Is PyCall slower than directly using Python?

I was trying to benchmark some operations in python and since I wanted to do the metaanalysis in a Julia notebook, I found it convenient to use PyCall.

I know that PyCall puts some extra overhead on the object conversion between Julia & Python, and that’s why I decided to put the benchmarking inside the python call itself using timeit.
This way the data exchange wouldn’t be part of the benchmarking.
And then I would just trigger the benchmarking with PyCall and get the benchmarking data.

In my surprise I found that directly using Python was faster.

Examples
Example 1
So let’s say I have defined this function in a python file “benches.py”:

# append to an list
def bench(times):                                                                                               
    a = []                                                                                                       
    for i in range(1,times+1):                                                                                   
        a.append(i)                                                                                              
    return a  

I also define a function to benchmark my code of interest:

def get_bench_results(n):     
    bs = []               
    random.seed(1)
    #get time in nanosecs
    bs = timeit.timeit(f"bench({n})", globals=globals(), number=10_000)/10_000*1_000_000_000          
    return bs  

when I call it with python get_bench_results(100_000) I get 5.686130 msec.
Doing the same with PyCall:

using PyCall
scriptdir = @__DIR__
pushfirst!(PyVector(pyimport("sys")."path"), scriptdir)
mymodule= pyimport("benches")
mymodule.get_bench_results(100_000)

I get 7.318859 msec, so around 1.3x times slower.

Example 2
benchmarking the sum function still yields different results for python and Pycall but way smaller :

def bench2(ar):                                                                                                   
    return sum(ar)                                                                                                                                                                                          
                                                                                                                 
def get_bench2_results(n):                                                                                        
    bs = []                                                                                                      
    random.seed(1)                                                                                               
    ar = [random.random() for _ in range(1,n)]                                                                   
    #get time in ns                                                                                              
    bs = timeit.timeit(f"bench2({ar})", globals=globals(), number=10_000)/10_000*1_000_000_000                    
    return bs  

for python I get get_bench2_results(100_000) = 1.714234 msec
and for PyCall mymodule.get_bench2_results(100_000) = 1.811019 msec
so around 1.1x slower for PyCall.

It looks like the first one had serious dynamic memory allocation and maybe this creates some overhead when the python process is running inside from Julia ?
Ofc I don’t think it’s even close to a serious problem but it kind of made me curious to know if there is inherently some performance bottleneck by using PyCall outside the conversion offset.

All of that is happening in Python either way, so I’d be surprised if there were any difference at all.

Did you run the benchmarks multiple times to see if it’s just random noise?

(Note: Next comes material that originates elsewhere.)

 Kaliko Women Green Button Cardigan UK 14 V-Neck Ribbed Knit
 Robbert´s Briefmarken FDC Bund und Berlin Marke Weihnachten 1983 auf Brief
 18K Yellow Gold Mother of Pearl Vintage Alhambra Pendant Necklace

Running the same benchmark twice can give very different answers if your OS decides to do some background task (like updates or AV scanning).

Also check that PyCall is using the same Python interpreter as you are testing with.

Well I specified number=10_000 so it’s an average among 10,000 iterations.
Especially the first bench (appending to a list) I run it multiple times yes (although not somehow sophisticated rather just manually) and it was always this very little bit slower than running it directly with python.

In particular, PyCall.python will tell you which Python it corresponds to.

Yes, both use /bin/python3.
Can someone else reproduce my example results ?

With Python 3.7.11 on my laptop, I get in python:

>>> benches.get_bench_results(100_000)
8814138.673000002

and in julia:

julia> mymodule.get_bench_results(100_000)
8.997317473499993e6

which is within 2%.

1 Like

hmm.I just cheked in another machine with python 3.8.10, Julia 1.7.0-beta3, and PyCall v1.92.5.

For python

>>> benches.get_bench_results(100_000)
7073032.0084000025

and julia

>>> mymodule.get_bench_results(100_000)
9.398170638599994e6

which is around 32%

I also checked for Julia 1.6.1 and the results are the same.
Tests done on ubuntu 20 and debian 11.

This is disturbingly weird. :confused:

I wonder if python is linked with a different libc or something than julia, so that e.g. julia has a different memory allocator (malloc etcetera) that is affecting libpython when you are running it within Julia? (Your benchmark is mostly testing memory allocation and garbage collection.)

Do you know a way to check something like this ?

Perhaps @giordano 's DependencyWalker.jl may help?

You can just run ldd on julia and python3 to see what they link.